Grima would have made an oath as liege man to Theoden which he broke out of, presumably (because Tolkien never states it explicitly, only implies through Gandalf), fear and ambition and desire.
Eowyn made an oath to her uncle that she would defend Edoras while the men were at Helm’s Deep and subsequently when they went to Gondor to aid Denethor et al. She left Edoras and took up with the riders of her own accord because of fear and ambition and desire.
Grima feared Sauron and death and pain and so on.
Eowyn feared dying in her home after all the men themselves were dead. A death she deems pointless and without honour.
A fear is a fear.
Grima was ambitious and desired things - he was after control and power and wealth and (according to eomer at least) Eowyn.
Eowyn was ambitious and desired things - honour in battle and to have experiences denied to her and to serve her people in the way she wants to rather than the way she is told to serve them (because she’s still serving them by holding Edoras! That’s a very important role in medieval warfare!) and to take control of her life.
A desire is a desire.
They are fantastic mirrors of one another and I think you get a much flatter and more bland read when you refuse to engage with what Tolkien gave us. And he did these things deliberately. Grima is a prism reflecting a warped version of Gandalf, Eowyn, and Saruman within himself. How fascinating is that!

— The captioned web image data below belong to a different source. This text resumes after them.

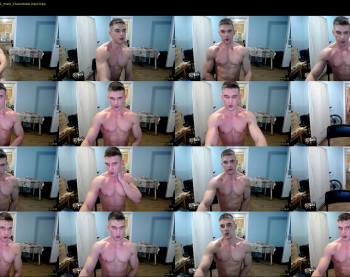 max_232 — 46 minute Chaturbate male naked cam show, 720p, Dec 22, 2022
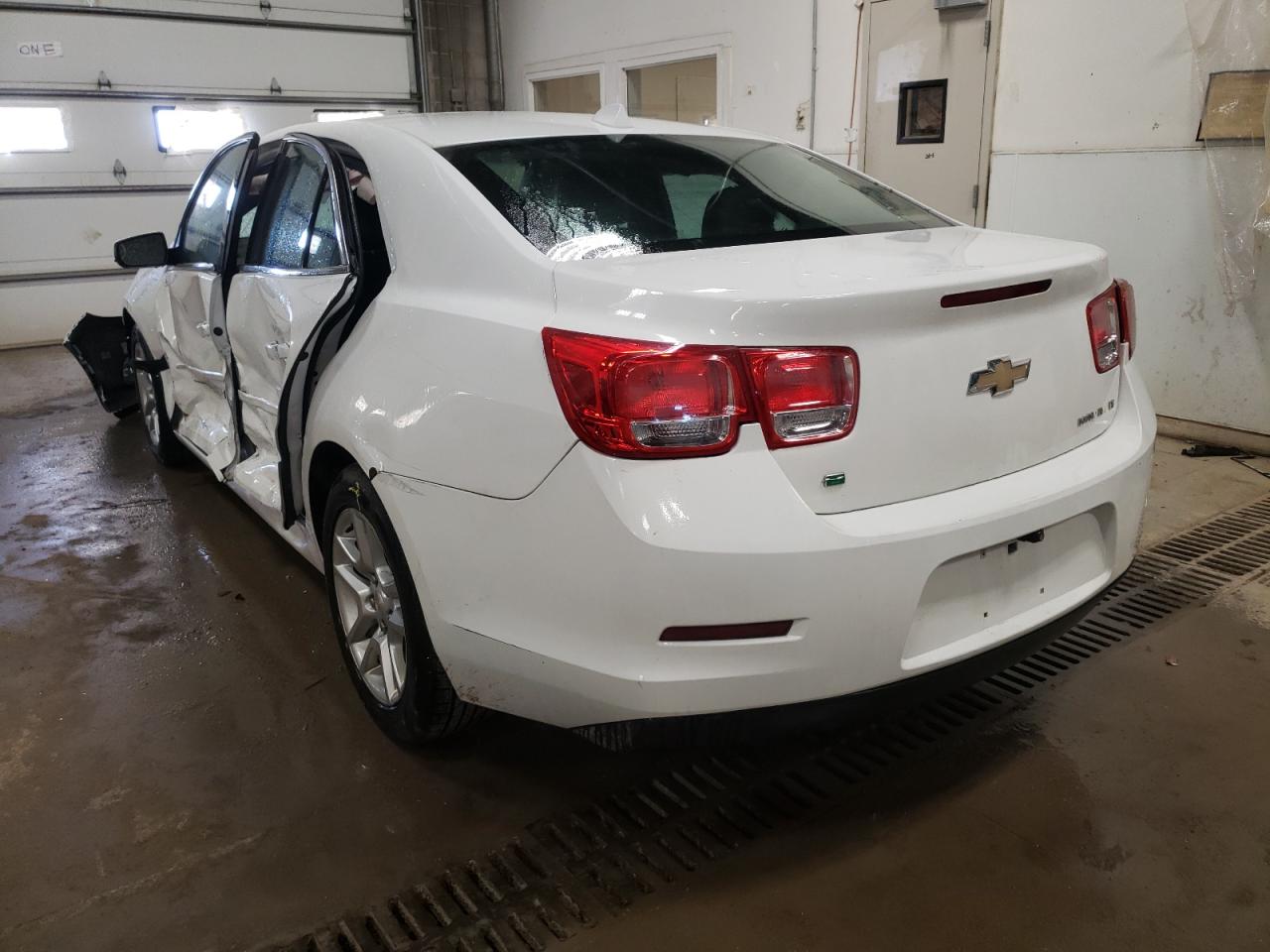 Photo 3 from auction – 2014 CHEVROLET MALIBU 1LT with VIN 1G11C5SL8EF218314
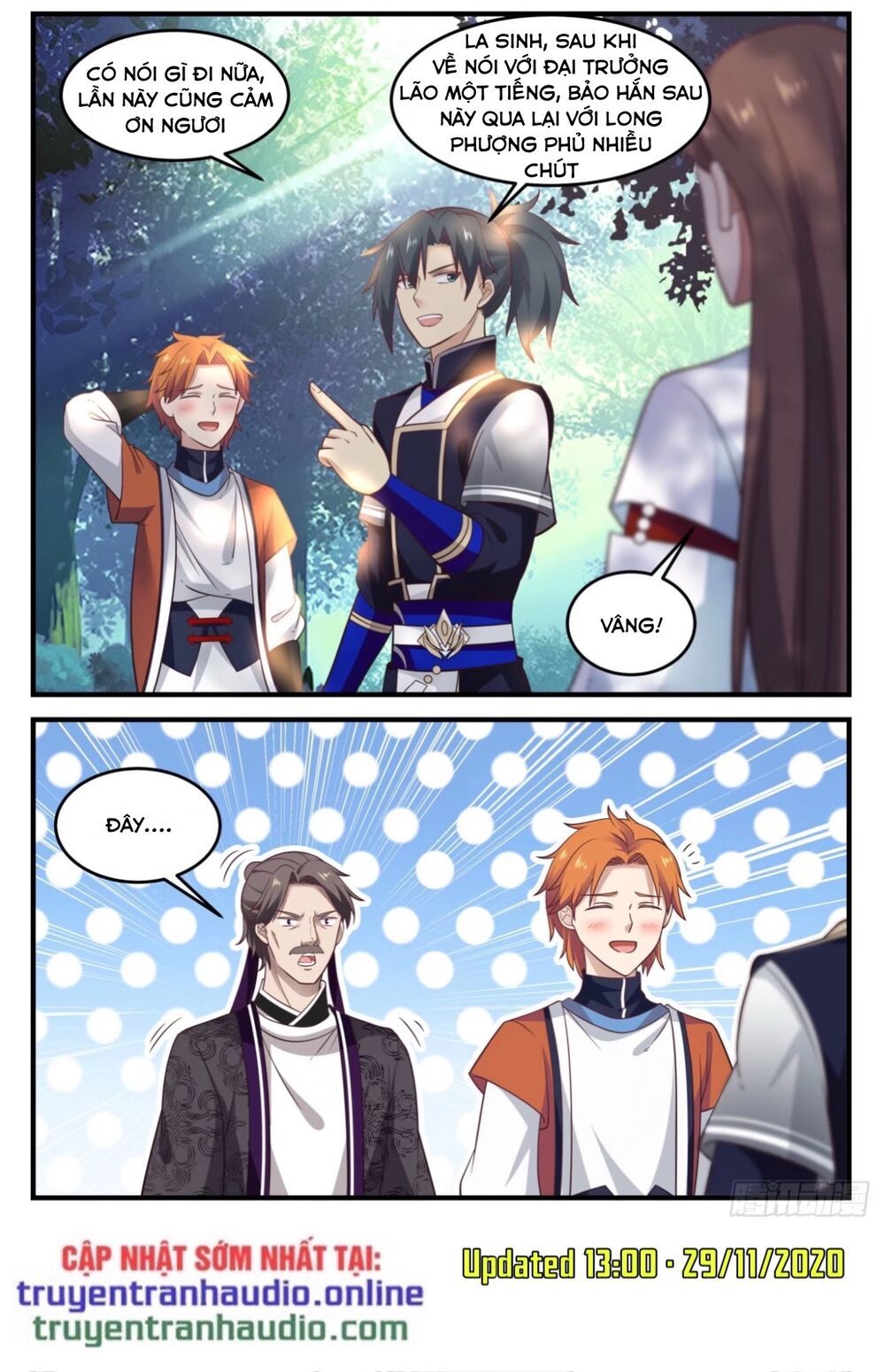 đọc truyện Võ Luyện Đỉnh Phong Chương 806 ảnh 12 tại Thiên Thai Truyện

You don’t have to like him, and you don’t have to like that Tolkien made these literary choices, but you not liking it doesn’t stop it from existing in the text
(And this isn’t getting into the fact that Eowyn has faults and is allowed to make choices that within her society would be seen as the wrong choices! Leaving Edoras, the capital, while there are people invading from the east—something Theoden et al knew was a thing!—is in fact the wrong choice. It is, in fact, the selfish choice. Within the culture of her people and the reality of warfare it is the bad choice! She is allowed to make it! And her reasons can be complex! Some good and some more flawed! It makes her way more interesting than if she had no flaws!)